A 10.49% construction shortfall at this stage typically produces a 3 to 6 month handover drift. Q1 2027 remains the RERA-registered target, but mid-to-late 2027 is the working assumption buyers should stress-test against their financing and rental income models. Under Dubai Law No. 13 of 2008, developers hold a grace period of 6 to 12 months beyond the contracted completion date before formal RERA remedies become available to buyers — meaning a Q3 or Q4 2027 delivery carries limited contractual recourse. Verify the current RERA-registered completion date and Oqood number directly via the Dubai Land Department portal before signing. H&H Development's parallel project, [Baccarat](/projects/baccarat) in Downtown Dubai, is running 46.95% behind schedule — the only other H&H delivery data point available — and should inform how conservatively buyers model the Eden House The Park timeline.
City Walk Crestlane 4 and Crestlane 5 price at AED 33,151 to 36,779 per sqm — a 7 to 28 percent discount to Eden House The Park's AED 39,266 to 47,022 range.
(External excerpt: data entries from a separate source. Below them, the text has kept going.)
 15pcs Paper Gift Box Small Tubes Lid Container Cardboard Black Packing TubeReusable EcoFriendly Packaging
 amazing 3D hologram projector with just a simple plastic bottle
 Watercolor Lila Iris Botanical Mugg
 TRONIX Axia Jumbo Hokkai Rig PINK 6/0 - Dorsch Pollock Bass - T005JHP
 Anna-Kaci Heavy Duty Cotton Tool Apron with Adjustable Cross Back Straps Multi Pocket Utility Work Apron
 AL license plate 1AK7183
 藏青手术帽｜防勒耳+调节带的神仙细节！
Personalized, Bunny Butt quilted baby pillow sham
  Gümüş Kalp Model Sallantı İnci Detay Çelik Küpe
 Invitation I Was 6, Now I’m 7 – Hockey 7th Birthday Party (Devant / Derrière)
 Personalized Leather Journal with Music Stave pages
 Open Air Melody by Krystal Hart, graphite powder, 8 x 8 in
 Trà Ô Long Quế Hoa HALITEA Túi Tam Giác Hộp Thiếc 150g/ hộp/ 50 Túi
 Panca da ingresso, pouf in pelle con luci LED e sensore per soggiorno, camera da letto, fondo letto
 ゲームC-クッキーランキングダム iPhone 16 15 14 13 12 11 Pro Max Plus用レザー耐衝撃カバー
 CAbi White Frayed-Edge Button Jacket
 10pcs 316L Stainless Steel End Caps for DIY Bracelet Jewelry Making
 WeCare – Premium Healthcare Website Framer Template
The Crestlane projects sit within Meraas's operational City Walk precinct, giving buyers access to retail and dining infrastructure that is already built and trading. Eden House The Park's premium reflects Safa Park frontage and H&H's boutique positioning. Whether that gap is justified depends on how buyers weigh the scarcity of park-facing addresses in Al Wasl against Meraas's demonstrably stronger delivery track record. The Crestlane handover of Q2 2030 is later, which extends capital exposure, but the developer execution risk profile is materially lower. Direct comparison data sits at [Citywalk Crestlane 4](/projects/citywalk-crestlane-4) and [City Walk Crestlane 5](/projects/city-walk-crestlane-5).
Both are H&H Development projects in Al Wasl with comparable branding and a similar size-band product. Eden House The Park faces Safa Park — a 64-hectare green corridor — making it primarily an owner-occupier and long-stay residential product. [Eden House The Canal](/projects/eden-house-the-canal) faces the Dubai Water Canal and attracts investors targeting short-term rental demand from tenants paying specifically for waterway views. The two projects compete for different buyer motivations. Current per-sqm rates, construction progress figures, and transaction depth should be compared directly across both before deciding which H&H address to selection. Owner-occupiers prioritising outdoor amenity and neighbourhood permanence lean toward The Park. Investors building a short-let income strategy lean toward The Canal.